Mit der Aussage, er würde seine Ehefrau zum Salatmachen in die Küche schicken, beliebte der Präsident also wohl zu scherzen. Für die implizite Botschaft, dass Burger Männersache und Salate die Angelegenheit von Frauen seien, erntete Trump aber erboste Reaktionen.

"Wir sind nicht hier, um Salate für Männer zu machen"

Die Aussage sei sexistisch und die Annahme, dass Frauen für Männer Salate vorbereiten müssten, ebenso – so der Tenor. Unter den Kritikerinnen und Kritikern waren auch die CNN-Nachrichtenmoderatorinnen Erin Burnett und Joan Walsh.

"Es scheint mir, als ob der Präsident nicht eher zufrieden sein wird, bis es keine einzige weibliche republikanische Wählerin mehr im Land gibt", sagte Walsh während der Sendung "Erin Burnett OutFront" am Montag. "Es ist unglaublich sexistisch.
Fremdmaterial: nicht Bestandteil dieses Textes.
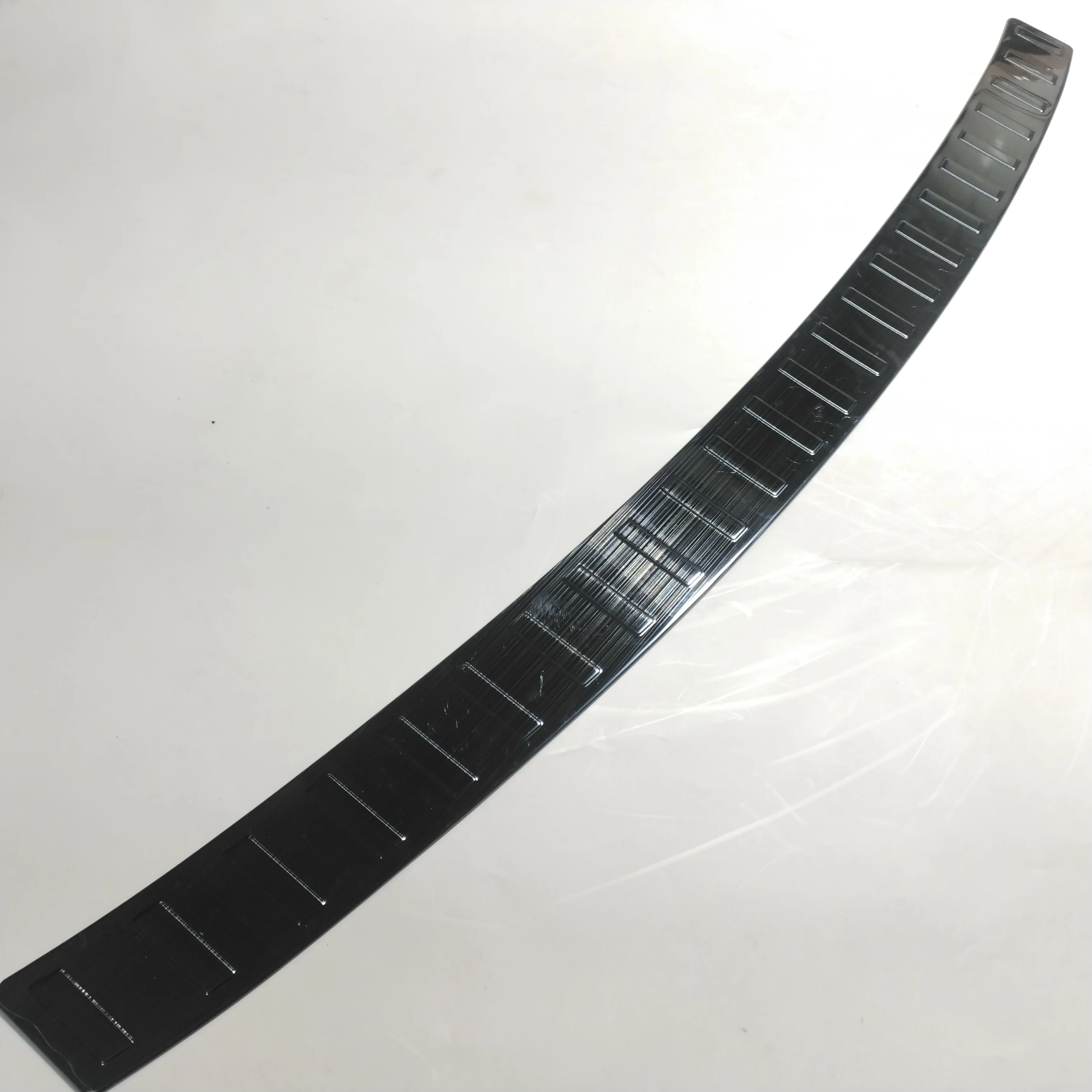 For 2007 2008 2009~2013 BMW X5 E70 Rear Door Bumper Protector sill plate Trunk Guard Plate Cover Rear Car Accessories Styling 
For 2007 2008 2009~2013 BMW X5 E70 Rear Door Bumper Protector sill plate Trunk Guard Plate Cover Rear Car Accessories Styling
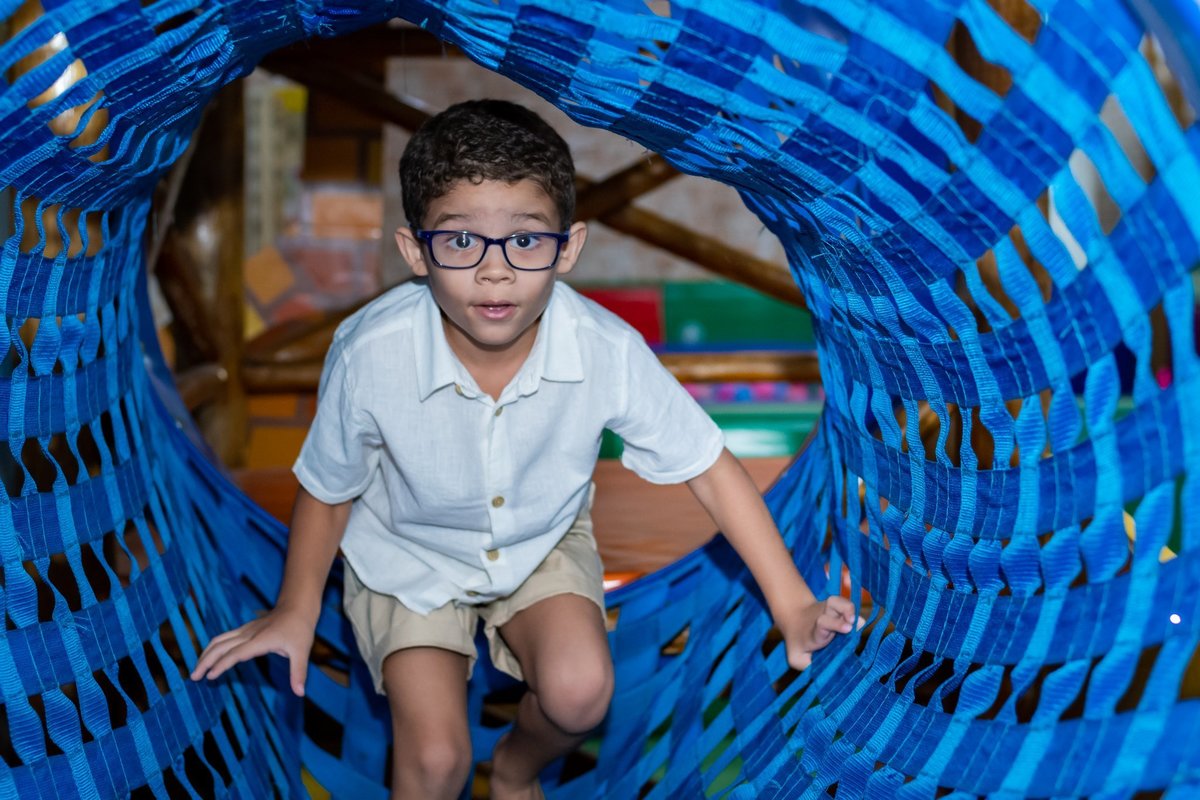 Bernardo e os amigos se divertindo em sua festa de aniversário de 5 anos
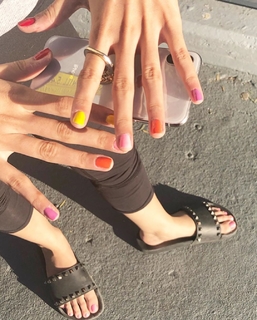 Mawra Hocane feet photo thumbnail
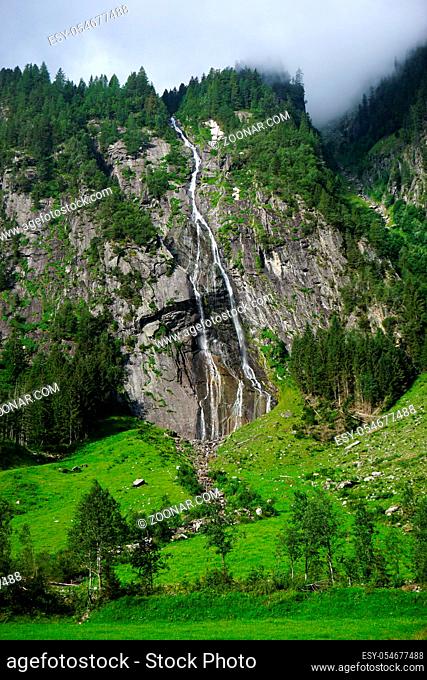 Wasserfall im Stilluptal bei Mayrhofen, Zillertal, Österreich
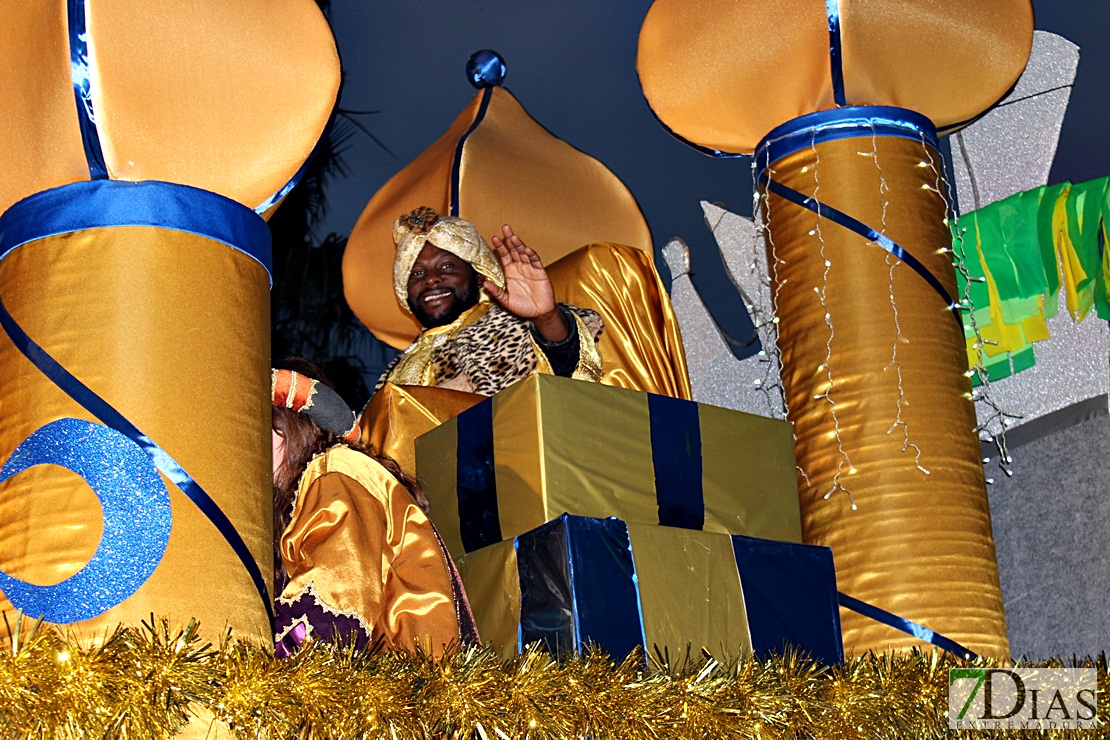 La cabalgata de Reyes reparte felicidad en Mérida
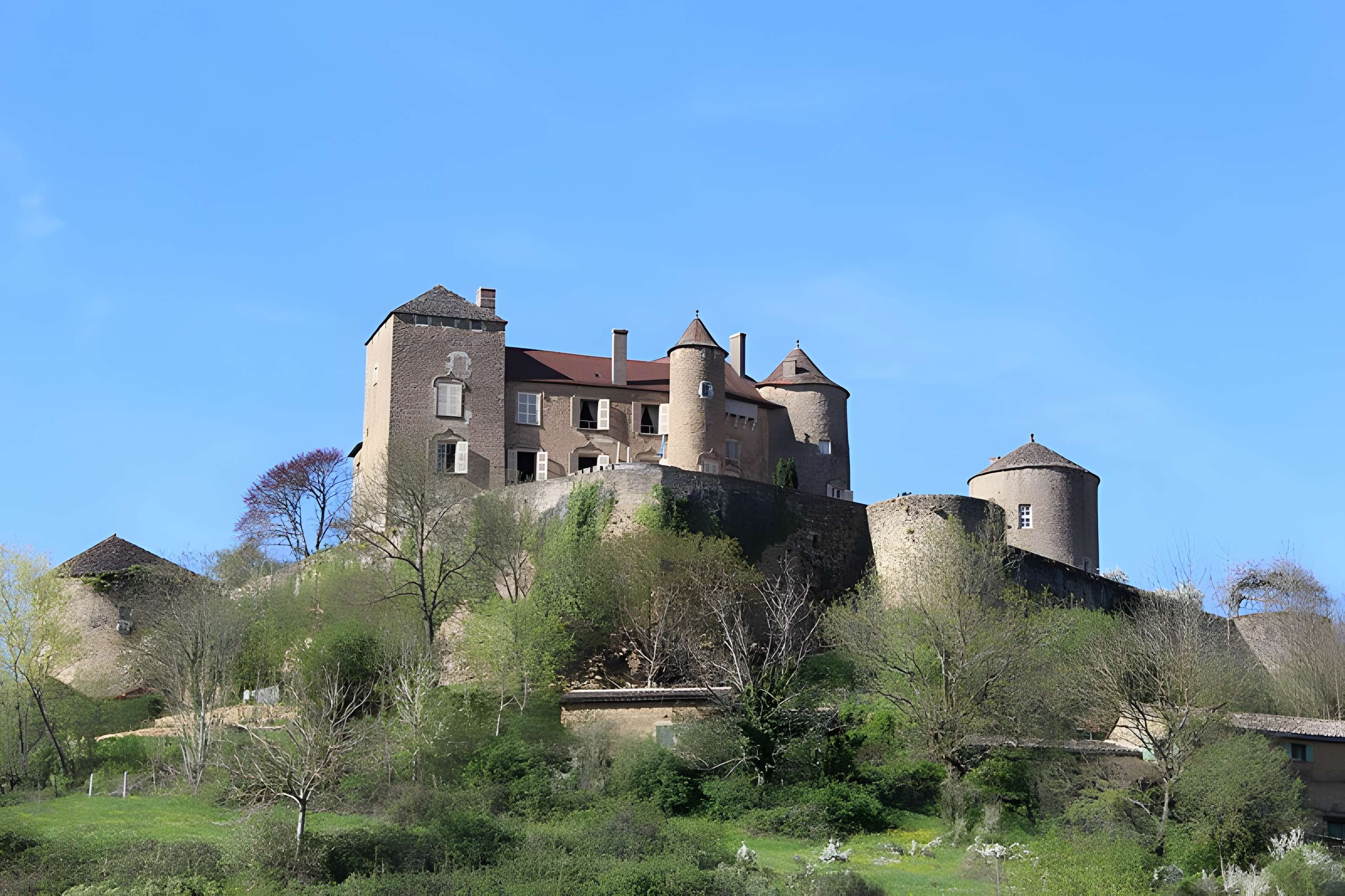 Château de Berzé le Châtel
Er sollte nicht so über die First Lady sprechen. Wir sind nicht alle dafür da, um Salate für Männer zu machen."

In Schutz genommen wurde Trump vom konservativen Kommentator Scott Jennings, der ebenfalls zugeschaltet war. Er sagte zur Verteidigung des Präsidenten: "Ich habe seine Kommentare nicht für sexistisch gehalten."

"Wie um alles in der Welt empfinden Sie das nicht als sexistisch? Die Annahme, dass seine Frau Salate für eine Reihe von Fußballspielern machen wird?", schoss Burnett zurück. Und weiter: "Was ist sie, die Köchin? Ich interpretiere da nicht zu viel hinein. Er hat einen Witz gemacht, der sexistisch war."